> [Work to complete]: The result should be every line of the listing that contains "Sterling".

Records supplied below:

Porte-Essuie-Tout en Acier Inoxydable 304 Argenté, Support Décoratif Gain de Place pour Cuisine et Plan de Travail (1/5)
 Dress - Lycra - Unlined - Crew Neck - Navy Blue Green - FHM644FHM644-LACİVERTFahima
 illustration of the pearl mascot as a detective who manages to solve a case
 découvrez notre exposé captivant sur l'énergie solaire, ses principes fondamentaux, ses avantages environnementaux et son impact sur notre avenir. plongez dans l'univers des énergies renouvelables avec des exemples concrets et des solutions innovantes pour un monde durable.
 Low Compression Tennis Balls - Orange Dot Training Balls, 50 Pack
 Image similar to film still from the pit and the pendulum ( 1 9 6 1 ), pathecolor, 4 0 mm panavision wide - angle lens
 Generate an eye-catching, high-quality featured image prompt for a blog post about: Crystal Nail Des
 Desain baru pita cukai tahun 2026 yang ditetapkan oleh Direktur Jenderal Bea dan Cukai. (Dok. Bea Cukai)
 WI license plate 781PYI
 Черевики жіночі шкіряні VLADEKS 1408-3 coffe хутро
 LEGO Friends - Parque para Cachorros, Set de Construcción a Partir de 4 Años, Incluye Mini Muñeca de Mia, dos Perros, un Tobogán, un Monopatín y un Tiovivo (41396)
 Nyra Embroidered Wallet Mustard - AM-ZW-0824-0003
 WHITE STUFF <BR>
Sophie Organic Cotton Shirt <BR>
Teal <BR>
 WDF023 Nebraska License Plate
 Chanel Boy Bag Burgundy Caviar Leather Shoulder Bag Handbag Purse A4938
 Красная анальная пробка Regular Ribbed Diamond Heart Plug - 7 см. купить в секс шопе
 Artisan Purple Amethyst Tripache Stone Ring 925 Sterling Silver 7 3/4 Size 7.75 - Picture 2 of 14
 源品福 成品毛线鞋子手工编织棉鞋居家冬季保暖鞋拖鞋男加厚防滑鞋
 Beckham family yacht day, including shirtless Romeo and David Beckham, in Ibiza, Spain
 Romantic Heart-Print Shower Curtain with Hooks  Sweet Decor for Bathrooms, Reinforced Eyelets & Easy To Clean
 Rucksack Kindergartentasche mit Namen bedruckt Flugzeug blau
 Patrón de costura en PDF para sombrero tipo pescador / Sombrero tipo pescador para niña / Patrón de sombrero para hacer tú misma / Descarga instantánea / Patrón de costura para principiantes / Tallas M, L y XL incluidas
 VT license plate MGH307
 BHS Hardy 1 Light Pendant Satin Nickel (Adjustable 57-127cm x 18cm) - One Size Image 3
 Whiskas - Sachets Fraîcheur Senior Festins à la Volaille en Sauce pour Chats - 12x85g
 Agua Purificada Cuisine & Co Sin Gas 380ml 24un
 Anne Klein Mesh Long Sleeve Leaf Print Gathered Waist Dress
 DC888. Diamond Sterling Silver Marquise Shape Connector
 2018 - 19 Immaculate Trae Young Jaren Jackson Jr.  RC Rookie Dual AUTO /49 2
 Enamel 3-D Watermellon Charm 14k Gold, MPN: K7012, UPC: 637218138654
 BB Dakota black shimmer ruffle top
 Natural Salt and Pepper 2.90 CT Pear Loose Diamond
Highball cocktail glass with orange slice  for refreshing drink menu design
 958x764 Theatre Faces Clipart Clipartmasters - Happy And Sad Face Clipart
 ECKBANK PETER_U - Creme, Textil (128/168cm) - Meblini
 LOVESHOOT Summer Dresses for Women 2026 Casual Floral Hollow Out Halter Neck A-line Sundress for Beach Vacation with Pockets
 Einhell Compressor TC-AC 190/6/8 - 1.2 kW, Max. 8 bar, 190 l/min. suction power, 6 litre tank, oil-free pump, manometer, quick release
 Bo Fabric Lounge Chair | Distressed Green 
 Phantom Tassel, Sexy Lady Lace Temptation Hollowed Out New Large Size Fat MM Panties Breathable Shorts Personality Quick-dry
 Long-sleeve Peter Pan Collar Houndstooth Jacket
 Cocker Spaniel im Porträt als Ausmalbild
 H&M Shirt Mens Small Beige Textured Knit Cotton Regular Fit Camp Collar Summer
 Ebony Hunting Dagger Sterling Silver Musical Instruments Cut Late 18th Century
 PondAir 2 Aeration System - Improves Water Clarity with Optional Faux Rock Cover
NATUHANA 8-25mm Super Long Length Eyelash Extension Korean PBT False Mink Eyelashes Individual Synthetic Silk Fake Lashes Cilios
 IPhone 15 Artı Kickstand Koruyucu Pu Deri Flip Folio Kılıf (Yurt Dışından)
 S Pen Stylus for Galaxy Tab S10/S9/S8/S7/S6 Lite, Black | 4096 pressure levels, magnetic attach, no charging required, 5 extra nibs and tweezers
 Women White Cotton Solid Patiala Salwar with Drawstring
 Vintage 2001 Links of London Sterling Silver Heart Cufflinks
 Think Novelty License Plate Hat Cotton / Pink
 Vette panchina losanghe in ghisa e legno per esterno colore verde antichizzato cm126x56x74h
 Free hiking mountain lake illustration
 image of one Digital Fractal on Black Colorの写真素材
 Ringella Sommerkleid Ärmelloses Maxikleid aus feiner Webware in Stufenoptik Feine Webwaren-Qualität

End of Records supplied.

> [The answer]:
 Artisan Purple Amethyst Tripache Stone Ring 925 Sterling Silver 7 3/4 Size 7.75 - Picture 2 of 14
 DC888. Diamond Sterling Silver Marquise Shape Connector
 Ebony Hunting Dagger Sterling Silver Musical Instruments Cut Late 18th Century
 Vintage 2001 Links of London Sterling Silver Heart Cufflinks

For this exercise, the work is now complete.